● **Activity**:
Write out, word for word and with no pictures, each line below from the one containing "Load image into" through the one containing "Samsung Galaxy Z", both included, and no other line.

● **Given entries**:

____

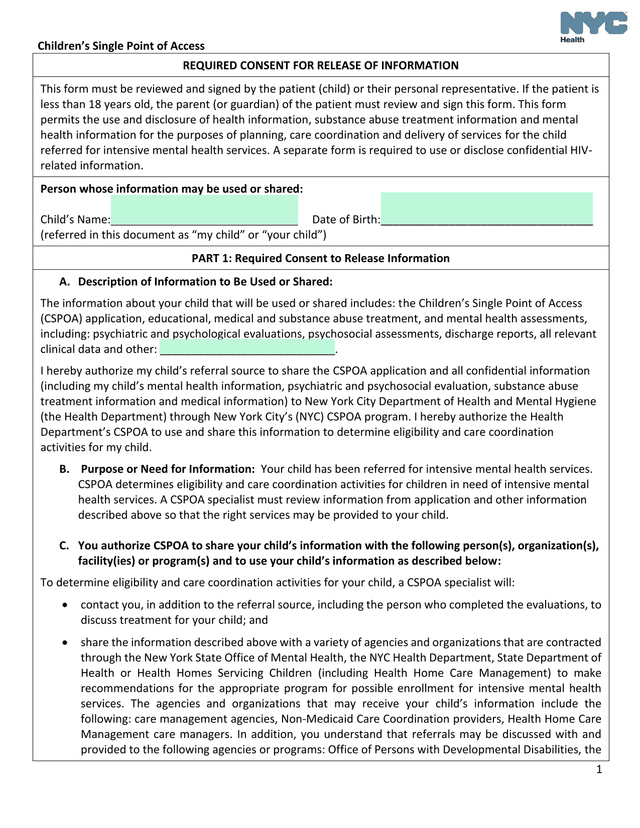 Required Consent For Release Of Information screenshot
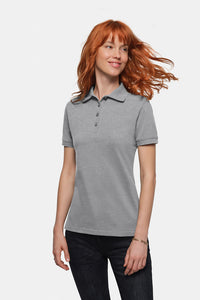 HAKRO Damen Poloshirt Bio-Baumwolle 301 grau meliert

____

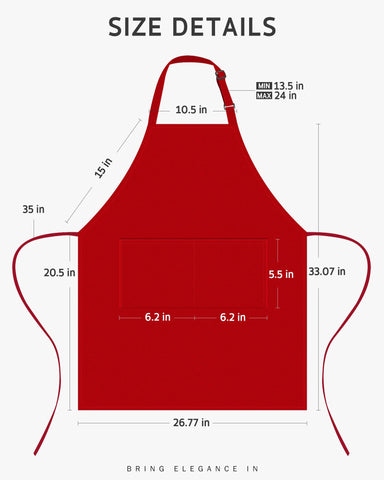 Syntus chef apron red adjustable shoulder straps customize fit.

____

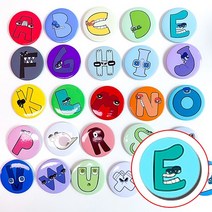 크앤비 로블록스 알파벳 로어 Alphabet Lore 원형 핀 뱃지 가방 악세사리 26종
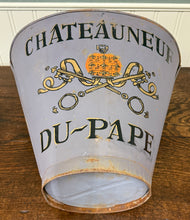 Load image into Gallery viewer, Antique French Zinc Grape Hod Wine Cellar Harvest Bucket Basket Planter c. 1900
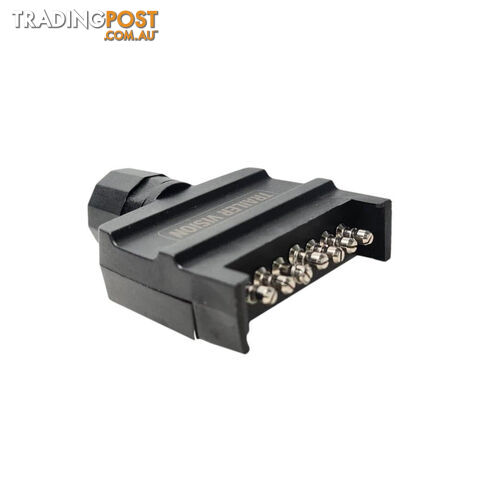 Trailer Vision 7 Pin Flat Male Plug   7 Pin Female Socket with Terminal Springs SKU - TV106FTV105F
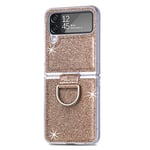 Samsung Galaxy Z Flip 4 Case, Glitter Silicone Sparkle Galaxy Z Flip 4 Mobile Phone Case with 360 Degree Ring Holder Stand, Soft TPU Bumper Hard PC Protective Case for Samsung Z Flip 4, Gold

____

● **Result**:
 Load image into Gallery viewer, Antique French Zinc Grape Hod Wine Cellar Harvest Bucket Basket Planter c. 1900
 Trailer Vision 7 Pin Flat Male Plug   7 Pin Female Socket with Terminal Springs SKU - TV106FTV105F
 Samsung Galaxy Z Flip 4 Case, Glitter Silicone Sparkle Galaxy Z Flip 4 Mobile Phone Case with 360 Degree Ring Holder Stand, Soft TPU Bumper Hard PC Protective Case for Samsung Z Flip 4, Gold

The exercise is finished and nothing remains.